#### [Provided material]
■ ■ ■ ■ ■

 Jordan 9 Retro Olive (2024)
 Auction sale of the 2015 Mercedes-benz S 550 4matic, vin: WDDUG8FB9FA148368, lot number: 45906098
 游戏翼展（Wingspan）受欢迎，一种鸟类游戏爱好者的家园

■ ■ ■ ■ ■

#### [Exercise objective]
Reproduce the data, keeping every line exactly the same.

#### [Exercise answer]
 Jordan 9 Retro Olive (2024)
 Auction sale of the 2015 Mercedes-benz S 550 4matic, vin: WDDUG8FB9FA148368, lot number: 45906098
 游戏翼展（Wingspan）受欢迎，一种鸟类游戏爱好者的家园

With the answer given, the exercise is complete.